In countries that operate as democracies, a governing elite, rather than just one leader, shares power. Because they are elected to power there is greater political competition, and they are less able to set higher taxes than they would be with zero competition.  

In our simple model, this means the tax rates that are feasible without losing power will be lower than they would be under a dictatorship. In a perfect or ideal democracy, no political rent would exist — just like perfect competition among firms would result in zero profits. The reality is less rosy.   

Ideally, democracy gives people a say in government programs and decisions through elections, while freedom of speech and a system of checks and balances limit what the government can force people to do. Indeed, there is widespread, ongoing debate about what policies governments should adopt and how far they should go. And it’s not only about money. During the COVID-19 pandemic, for instance, how much control the government should wield over our everyday lives and activities was the subject of vigorous debate. 

It’s important to remember that even problems of efficiency and fairness — in real or perceived terms — can persist regardless of popular opinion or the level of political competition. The textbook gives as an example the fact that both rich and poor Americans who were surveyed in 2005 said they believed wealth should be more evenly distributed in society. However, U.S. tax policy has continued to favor wealthier individuals since then.  

Important definitions

  • Feasibility of economic policies: A government policy will only solve inefficiency or unfairness if it meets three criteria:
    • It must be “economically feasible,” meaning the proposed policy works or results in the intended outcome.
    • It must be “administratively feasible,” meaning the government has the capacity to implement it.
    • It must be “politically feasible,” meaning capable of being implemented given the existing political institutions.
  • Fiscal capacity: The ability of a government to impose and collect substantial taxes from a population at low administrative and other costs. One measure of this is the amount collected divided by the cost of administering the tax system. 

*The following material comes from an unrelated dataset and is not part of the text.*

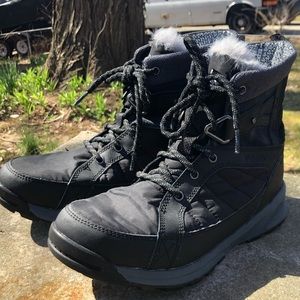 Women’s size 9 Faux fur Columbia winter boots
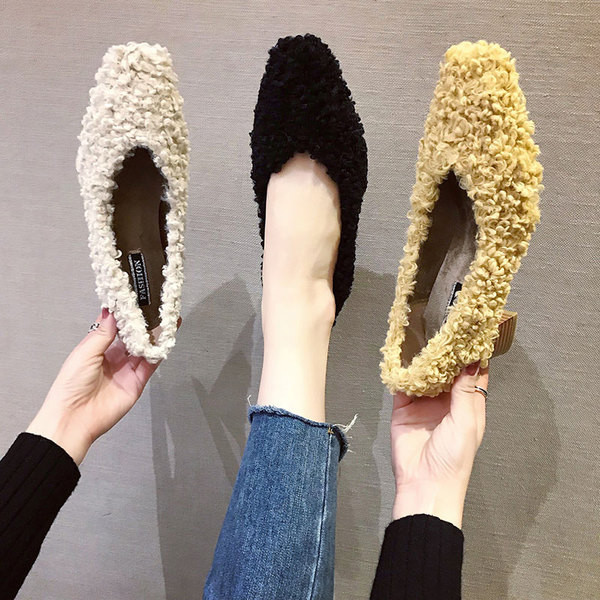 Női pehelycipő vastag alacsony sarkú sárga, fehér és fekete színben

David Brancaccio’s thoughts on Chapter 12

The price of crude oil dropped below zero for the first time ever in 2020, meaning that firms were willing to pay to get rid of the stuff. At the time, I got to thinking about what else you’d have to pay me to buy. Tickets to a Nickelback concert. Radishes. 

Though repugnant to me, neither of these is an example of what economists in this chapter would call a “repugnant market.” The term doesn’t cover what I think is gross — it’s what society won’t tolerate. Repugnant markets are types of commerce we cannot abide because they violate human dignity or social norms, undermine valued institutions or just seem unfair. You could, for instance, sell and buy votes for public office. That’s a repugnant market.  

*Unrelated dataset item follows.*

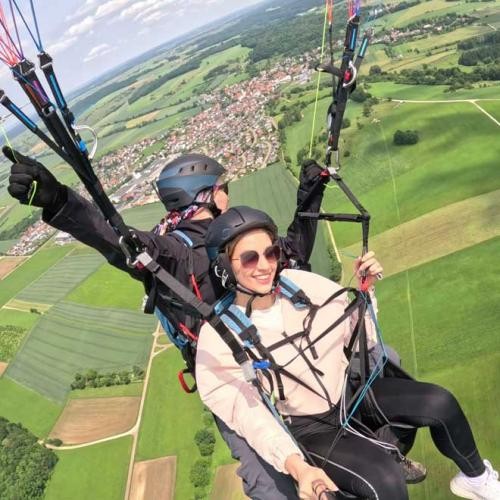 Mann und Frau beim Tandemflug, Foto: Rüdiger Benz Mann und Frau beim Tandemflug, Foto: Rüdiger Benz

In a chapter about government’s role in the economy, one of its functions would be preventing black markets from developing in spaces where monetary transactions would be offensive. Were it not for government rules, the COVID-19 pandemic could give rise to black markets.  

The counterpart to repugnant markets is a concept known as merit goods. These are things so important to all of us that the government figures out how to provide them, like education or firefighting crews. A new merit good in these times is COVID-19 testing, which society believes should be available to all.  

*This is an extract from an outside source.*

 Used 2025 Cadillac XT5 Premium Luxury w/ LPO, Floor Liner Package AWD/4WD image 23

Highlighted: I always say politics is the process of assigning resources. This chapter has a sharper quote on that subject from legendary economist Joseph Schumpeter. He said a government budget is the “skeleton of the state stripped of all misleading ideologies.” That reminded me of an interview we did with Syra Madad, a senior New York City public health official who’d written about how money was running out for a program aimed at helping U.S. states fight the next pandemic. 

Madad’s column wasn’t ideological, it came from a place of honest concern. But her timing was prescient; the piece ran on Dec. 27, 2019. Four days later, government officials in Wuhan, China, first reported that doctors were treating dozens of cases of a “pneumonia-like illness.”